Dépendance aux importations de matières premières
En plus des défis liés à leur relocalisation et à la rude concurrence, les cordonniers de la Médina doivent composer avec une autre difficulté, l’importation de la quasi-totalité de leurs matières premières. Cuir, colle, fils et même certains outils proviennent de l’étranger principalement d’Europe en particulier l’Italie et de la Chine, indique Bara Diop. « Nous n’avons pas de tanneries locales capables de fournir du cuir de qualité en quantité suffisante », explique-t-il. « Cela augmente nos coûts de production et nous rend dépendants des fluctuations des prix et des délais d’approvisionnement », ajoute Bara Diop. Cette dépendance aux importations réduit leur compétitivité. « Quand les prix du cuir augmentent ou que les conteneurs sont bloqués dans les ports, notre activité en pâtit directement », affirme-t-il.

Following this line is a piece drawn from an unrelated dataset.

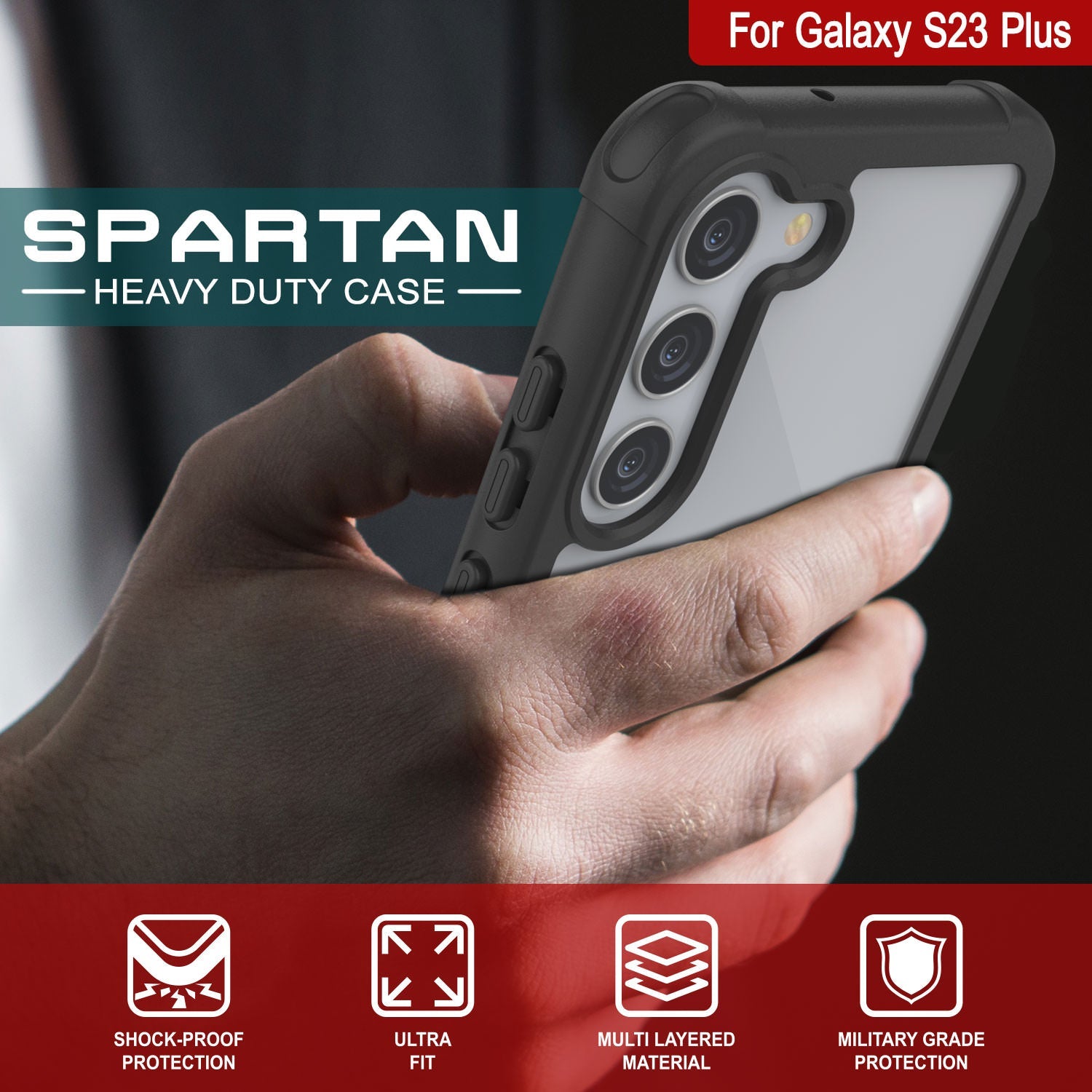 Capa PunkCase Galaxy S23+ Plus, Série Espartana, Capa Resistente Transparente de Alta Resistência [Preto]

A l’en croire, le Sénégal dispose d’un important cheptel, « théoriquement capable d’alimenter » une filière locale de cuir. Mais le manque d’infrastructures de tannage moderne et la faible valorisation des peaux locales obligent les artisans à se tourner vers l’international. « Avec une véritable politique de soutien à la transformation locale, nous pourrions réduire nos coûts et créer une filière plus autonome », estime Bara Diop.
« Si on veut préserver ce métier, il faut penser à toute la chaîne, de la production du cuir jusqu’à la commercialisation des chaussures », indique Bara Diop. Un défi de plus à relever pour ces artisans, déterminés à perpétuer leur savoir-faire malgré les obstacles.
Le compte à rebours des Jeux olympiques de la jeunesse a commencé, et les artisans espèrent une réponse rapide des autorités. Entre préservation d’un savoir-faire ancestral et adaptation aux exigences modernes, l’avenir des cordonniers de la Médina reste en suspens.